With the stock market still merrily rolling through its gut-wrenching days, I need my 8 hours of sleep more than ever these days. For that reason, it’s usually “lights out” in my house before 11:00 PM.
But not last night.
I was more than willing to give up a few winks to watch The Daily Show to see Jon Stewart take on Jim Cramer. Terrific late-night theater.
For the record, I’m not a huge Cramer fan, stemming from some limited interaction I had with him when I wrote for TheStreet.com. But whether he succeeds or not, I do think he genuinely tries to do a good job for his readers and viewers.
Cramer is renowned for being loud, brash, and boisterous. So it was astonishing to see him sitting there like a scolded child, with none of his usual bravado.
He certainly deserves credit for having the guts to show up - it couldn’t have been easy for him. Earlier this week, he even wrote that he was “scared.” And it was pretty evident. It looked to me like he’d come straight from an all-day crisis management media training session, where he was told to apologize, not act defensive, and promise to do better next time.
I’m a big fan of The Daily Show, but in this case, I felt Jon Stewart’s wrath was completely misplaced…
You Want Me To Be Responsible? But That’s No Fun…
We’ve all been offered lots of things that seem great at the time… but which really aren’t good for us.
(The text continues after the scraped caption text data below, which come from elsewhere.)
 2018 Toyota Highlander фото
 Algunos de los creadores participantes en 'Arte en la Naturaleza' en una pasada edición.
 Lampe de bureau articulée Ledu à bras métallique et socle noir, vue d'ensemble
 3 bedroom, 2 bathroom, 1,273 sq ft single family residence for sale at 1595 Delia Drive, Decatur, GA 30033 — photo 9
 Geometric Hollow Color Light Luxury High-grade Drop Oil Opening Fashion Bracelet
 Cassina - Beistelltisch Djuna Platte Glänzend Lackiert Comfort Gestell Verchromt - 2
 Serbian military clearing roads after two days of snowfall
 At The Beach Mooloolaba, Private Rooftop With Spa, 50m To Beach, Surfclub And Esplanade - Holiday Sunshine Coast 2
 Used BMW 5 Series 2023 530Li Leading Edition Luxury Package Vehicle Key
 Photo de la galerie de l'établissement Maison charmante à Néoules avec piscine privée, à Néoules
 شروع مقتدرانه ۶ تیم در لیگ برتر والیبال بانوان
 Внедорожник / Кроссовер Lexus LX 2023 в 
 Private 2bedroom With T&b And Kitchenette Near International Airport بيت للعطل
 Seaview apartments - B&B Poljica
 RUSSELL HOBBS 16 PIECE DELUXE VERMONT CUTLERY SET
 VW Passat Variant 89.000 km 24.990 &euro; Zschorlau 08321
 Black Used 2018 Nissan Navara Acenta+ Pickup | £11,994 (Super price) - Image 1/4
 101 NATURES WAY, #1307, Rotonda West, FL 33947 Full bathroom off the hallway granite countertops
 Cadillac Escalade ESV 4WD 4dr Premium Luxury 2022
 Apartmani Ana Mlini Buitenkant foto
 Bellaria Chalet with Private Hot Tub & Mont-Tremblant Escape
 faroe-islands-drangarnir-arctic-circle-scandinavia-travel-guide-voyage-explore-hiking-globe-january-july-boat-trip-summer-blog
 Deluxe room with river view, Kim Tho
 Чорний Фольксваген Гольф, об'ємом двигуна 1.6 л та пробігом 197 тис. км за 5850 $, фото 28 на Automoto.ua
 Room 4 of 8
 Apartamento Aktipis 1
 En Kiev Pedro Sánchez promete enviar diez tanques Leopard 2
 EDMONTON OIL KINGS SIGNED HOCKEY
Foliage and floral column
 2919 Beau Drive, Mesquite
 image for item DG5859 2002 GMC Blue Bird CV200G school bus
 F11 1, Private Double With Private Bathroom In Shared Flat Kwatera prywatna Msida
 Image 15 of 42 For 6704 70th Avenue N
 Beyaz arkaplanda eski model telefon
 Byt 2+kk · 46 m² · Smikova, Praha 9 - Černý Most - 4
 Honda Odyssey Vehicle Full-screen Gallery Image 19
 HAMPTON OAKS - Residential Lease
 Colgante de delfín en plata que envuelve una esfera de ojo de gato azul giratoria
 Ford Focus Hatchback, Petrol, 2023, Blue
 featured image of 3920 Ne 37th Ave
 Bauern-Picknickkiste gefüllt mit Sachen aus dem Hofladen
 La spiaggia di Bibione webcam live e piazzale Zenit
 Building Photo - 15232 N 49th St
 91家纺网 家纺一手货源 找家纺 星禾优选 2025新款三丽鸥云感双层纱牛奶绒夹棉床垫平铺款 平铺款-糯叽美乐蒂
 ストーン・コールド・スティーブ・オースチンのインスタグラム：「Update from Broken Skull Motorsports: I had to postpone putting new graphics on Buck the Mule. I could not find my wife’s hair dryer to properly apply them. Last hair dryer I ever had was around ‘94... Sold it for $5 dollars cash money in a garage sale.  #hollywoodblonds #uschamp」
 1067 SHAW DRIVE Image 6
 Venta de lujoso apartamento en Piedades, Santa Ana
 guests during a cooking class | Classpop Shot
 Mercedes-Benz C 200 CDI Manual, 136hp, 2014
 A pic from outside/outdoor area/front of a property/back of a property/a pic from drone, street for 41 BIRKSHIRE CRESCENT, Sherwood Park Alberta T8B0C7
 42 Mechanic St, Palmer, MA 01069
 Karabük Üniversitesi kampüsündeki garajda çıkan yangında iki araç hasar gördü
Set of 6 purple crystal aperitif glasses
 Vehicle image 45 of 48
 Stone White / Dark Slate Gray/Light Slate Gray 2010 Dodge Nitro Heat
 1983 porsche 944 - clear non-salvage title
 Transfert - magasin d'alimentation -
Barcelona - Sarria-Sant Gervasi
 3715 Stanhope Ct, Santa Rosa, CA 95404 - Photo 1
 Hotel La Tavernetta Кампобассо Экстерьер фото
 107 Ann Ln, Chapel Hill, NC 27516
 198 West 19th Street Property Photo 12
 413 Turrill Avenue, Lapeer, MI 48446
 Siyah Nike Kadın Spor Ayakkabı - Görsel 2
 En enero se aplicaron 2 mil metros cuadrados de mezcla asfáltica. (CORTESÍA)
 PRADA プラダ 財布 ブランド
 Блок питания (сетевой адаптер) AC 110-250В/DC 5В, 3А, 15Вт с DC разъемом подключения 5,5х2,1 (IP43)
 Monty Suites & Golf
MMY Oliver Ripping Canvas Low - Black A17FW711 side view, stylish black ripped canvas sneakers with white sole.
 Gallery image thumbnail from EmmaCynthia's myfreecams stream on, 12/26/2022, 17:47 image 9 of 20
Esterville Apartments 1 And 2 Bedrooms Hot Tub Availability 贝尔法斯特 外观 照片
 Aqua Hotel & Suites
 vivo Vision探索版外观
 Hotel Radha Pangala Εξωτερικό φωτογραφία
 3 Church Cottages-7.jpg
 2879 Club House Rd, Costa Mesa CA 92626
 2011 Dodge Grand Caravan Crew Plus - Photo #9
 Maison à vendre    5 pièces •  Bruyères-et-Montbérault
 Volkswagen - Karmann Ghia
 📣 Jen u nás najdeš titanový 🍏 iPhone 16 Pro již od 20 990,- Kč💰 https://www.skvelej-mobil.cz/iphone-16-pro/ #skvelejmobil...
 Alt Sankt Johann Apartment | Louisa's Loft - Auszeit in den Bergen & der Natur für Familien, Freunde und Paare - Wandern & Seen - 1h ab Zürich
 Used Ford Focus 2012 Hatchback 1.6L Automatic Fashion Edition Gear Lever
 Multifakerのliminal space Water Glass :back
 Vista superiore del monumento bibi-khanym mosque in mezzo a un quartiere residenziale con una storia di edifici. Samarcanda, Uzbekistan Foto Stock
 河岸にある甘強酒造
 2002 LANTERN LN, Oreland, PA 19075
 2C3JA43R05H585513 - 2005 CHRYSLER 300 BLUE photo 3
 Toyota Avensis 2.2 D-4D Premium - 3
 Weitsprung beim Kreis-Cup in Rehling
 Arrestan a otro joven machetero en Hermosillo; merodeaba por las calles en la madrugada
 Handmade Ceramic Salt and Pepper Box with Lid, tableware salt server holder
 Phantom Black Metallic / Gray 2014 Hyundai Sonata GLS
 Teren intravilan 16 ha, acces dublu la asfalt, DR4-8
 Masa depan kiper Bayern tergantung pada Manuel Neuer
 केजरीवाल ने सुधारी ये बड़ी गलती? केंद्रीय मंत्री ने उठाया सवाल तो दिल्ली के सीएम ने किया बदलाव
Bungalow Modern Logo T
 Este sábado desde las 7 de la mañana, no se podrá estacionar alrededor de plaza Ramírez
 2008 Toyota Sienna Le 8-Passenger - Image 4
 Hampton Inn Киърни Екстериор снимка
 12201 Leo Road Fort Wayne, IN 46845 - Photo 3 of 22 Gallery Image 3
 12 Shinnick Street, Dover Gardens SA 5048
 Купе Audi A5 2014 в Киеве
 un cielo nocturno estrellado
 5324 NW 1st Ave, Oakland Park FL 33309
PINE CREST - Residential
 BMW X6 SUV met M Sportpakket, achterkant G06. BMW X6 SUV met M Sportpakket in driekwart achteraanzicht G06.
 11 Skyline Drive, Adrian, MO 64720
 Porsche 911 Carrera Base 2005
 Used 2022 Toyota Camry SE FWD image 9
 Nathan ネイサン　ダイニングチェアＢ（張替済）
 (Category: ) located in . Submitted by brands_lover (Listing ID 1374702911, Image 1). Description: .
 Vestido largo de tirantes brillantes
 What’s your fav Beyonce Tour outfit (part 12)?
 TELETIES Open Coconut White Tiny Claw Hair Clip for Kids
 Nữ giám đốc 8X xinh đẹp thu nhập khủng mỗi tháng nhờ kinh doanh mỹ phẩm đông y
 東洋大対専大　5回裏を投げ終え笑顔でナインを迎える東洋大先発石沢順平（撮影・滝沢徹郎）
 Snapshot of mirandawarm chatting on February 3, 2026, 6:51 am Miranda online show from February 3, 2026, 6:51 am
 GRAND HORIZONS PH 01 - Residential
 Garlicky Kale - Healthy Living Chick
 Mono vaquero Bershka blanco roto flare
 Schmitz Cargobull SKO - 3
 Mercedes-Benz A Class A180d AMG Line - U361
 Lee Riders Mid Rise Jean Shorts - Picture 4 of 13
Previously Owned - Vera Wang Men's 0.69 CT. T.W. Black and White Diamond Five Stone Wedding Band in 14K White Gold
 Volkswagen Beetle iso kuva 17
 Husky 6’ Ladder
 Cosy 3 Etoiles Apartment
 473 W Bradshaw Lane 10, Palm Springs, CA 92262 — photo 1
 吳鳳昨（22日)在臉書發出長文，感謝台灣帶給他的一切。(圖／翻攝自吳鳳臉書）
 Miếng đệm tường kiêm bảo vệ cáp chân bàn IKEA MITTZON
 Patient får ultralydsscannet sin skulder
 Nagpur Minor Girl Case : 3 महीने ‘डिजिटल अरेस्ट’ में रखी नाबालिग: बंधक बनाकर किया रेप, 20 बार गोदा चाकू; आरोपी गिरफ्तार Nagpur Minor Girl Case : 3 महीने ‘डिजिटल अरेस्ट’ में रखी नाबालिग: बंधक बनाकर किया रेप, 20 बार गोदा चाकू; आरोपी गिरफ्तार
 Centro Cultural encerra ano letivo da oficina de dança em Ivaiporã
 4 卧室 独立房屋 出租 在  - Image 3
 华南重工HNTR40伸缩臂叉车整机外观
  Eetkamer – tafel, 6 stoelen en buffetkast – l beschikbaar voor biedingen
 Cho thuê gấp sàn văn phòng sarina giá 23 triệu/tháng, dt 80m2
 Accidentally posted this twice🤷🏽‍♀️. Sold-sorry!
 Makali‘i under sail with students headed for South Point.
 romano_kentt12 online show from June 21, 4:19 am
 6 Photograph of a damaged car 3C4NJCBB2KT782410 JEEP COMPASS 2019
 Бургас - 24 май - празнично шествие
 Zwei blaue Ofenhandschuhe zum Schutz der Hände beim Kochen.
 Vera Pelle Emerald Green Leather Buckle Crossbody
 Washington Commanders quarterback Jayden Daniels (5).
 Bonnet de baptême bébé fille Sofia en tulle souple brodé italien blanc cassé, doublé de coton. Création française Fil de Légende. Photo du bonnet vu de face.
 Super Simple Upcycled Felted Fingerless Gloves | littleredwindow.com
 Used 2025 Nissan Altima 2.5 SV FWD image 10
For example, if a friend offers me a double shot of Jameson’s at 2:00 AM, I (usually) have the sense to turn it down.
Whether we’re talking about a shot of whisky, a second helping of dessert, or a zero-down, interest-only mortgage, people have to take responsibility for their decisions and live with the consequences.
Some folks might respond by asking: So why were lenders offering $600,000 mortgages to people who were making $25,000 a year?
Blame the system and the lenders. The system rewarded lenders who made risky loans, which could then be packaged up, given an “AAA” rating and sold off to unwitting investors. Many legitimate institutional investors got burned, thinking they were buying safe securities, when in fact they were junk. And it was the ability to package those loans and sell them off that made it so easy to offer loans to people who clearly could not handle them.
Quite frankly, those ratings agencies are as responsible as anyone for the mess we’re in and it’s mind-boggling that S&P and Moody’s are still able to operate.
But regardless of the systemic issues that led to the financial collapse and the undoubted fact that some on Wall Street behaved badly and contributed to this debacle, most of the fault also lies with homeowners and consumers who became over-extended. If so many people hadn’t got in over their heads, all those loans wouldn’t have turned to junk. Just because you’re offered a $600,000 mortgage doesn’t mean you have to take it.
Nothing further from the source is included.